Pick one, only one; these are mutually exclusive. see.
The Cillizza article goes on to list and discuss the already-announced or likely candidates to head the DNC. The leading candidate, whose momentum much of the establishment is frantically trying to halt, is Rep. Keith Ellison of Minnesota. About him, Cillizza writes:
* Keith Ellison: The Minnesota congressman is one of the most visible liberals in Congress. And many people within the party believe that Ellison, as a Muslim American and an African American, is exactly the sort of person the party should put forward to counter President Trump. Even before he has formally announced whether he will run, Ellison has won the endorsements of Sens. Charles E. Schumer (N.Y.), Bernie Sanders (Vt.) and Elizabeth Warren (Mass.). The knock on Ellison is that he has a day job, making it impossible to focus full time on rebuilding a party infrastructure that badly needs it. “I absolutely love Keith and think he’s great,” a former DNC senior official said. “But [we] need a full-time organizational leader who gets the importance of the tyranny of data but who also has the skills to negotiate the intersection of blue-collar fears and urban aspirations.”
Absolutely! Keith Ellison’s main strength is as a two-fir identity-politics symbol! As a Muslim American and an African American, he is exactly the sort of person the party should put forward to counter President Trump, many people within the party believe. Although none of those people is Bernie Sanders or is one of his supporters. Or is based in the Midwest or the Rust Belt.

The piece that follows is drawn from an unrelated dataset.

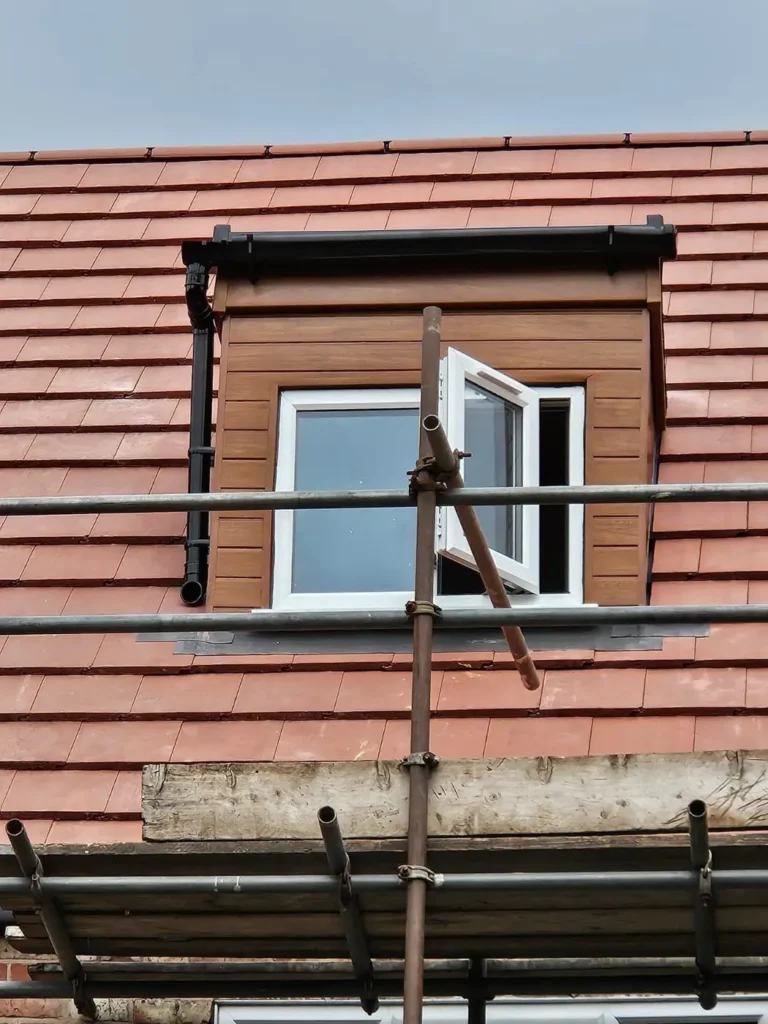 Dormer window with new red roof tiles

Of that I am sure. Because Sanders, his supporters, and, oh, say, Debbie Dingell, by contrast, think Ellison’s main strengths are that he, like Sanders, is an economics-and-structural-power-issues progressive. And that he’s based in the upper Midwest. A state that’s gone pretty comfortably Democratic for president since approximately forever, but this time did so by one percentage point.
And who, coming from that particular upper Midwestern state, is familiar with the Democratic Farmer-Labor Party—what it is and what its nature and history have been. And why that matters.
This past weekend I read several articles, three or four in the NYT and the Washington Post, showing jaw-dropping data: that in several Rust Belt congressional districts—southeastern Michigan (Dingell’s district), the Canton, OH area, Erie County, PA—there were massive swings from Obama in 2012 to Trump on Tuesday. Percentage shifts in the high teens or low 20s, from +16, or +22 for Obama four years ago to +6 or +2 for Trump.
Another article, in the Times, profiled people in Indianapolis who work at the soon-to-be-shuttered Carrier plant there, who voted for Obama twice and Trump this time.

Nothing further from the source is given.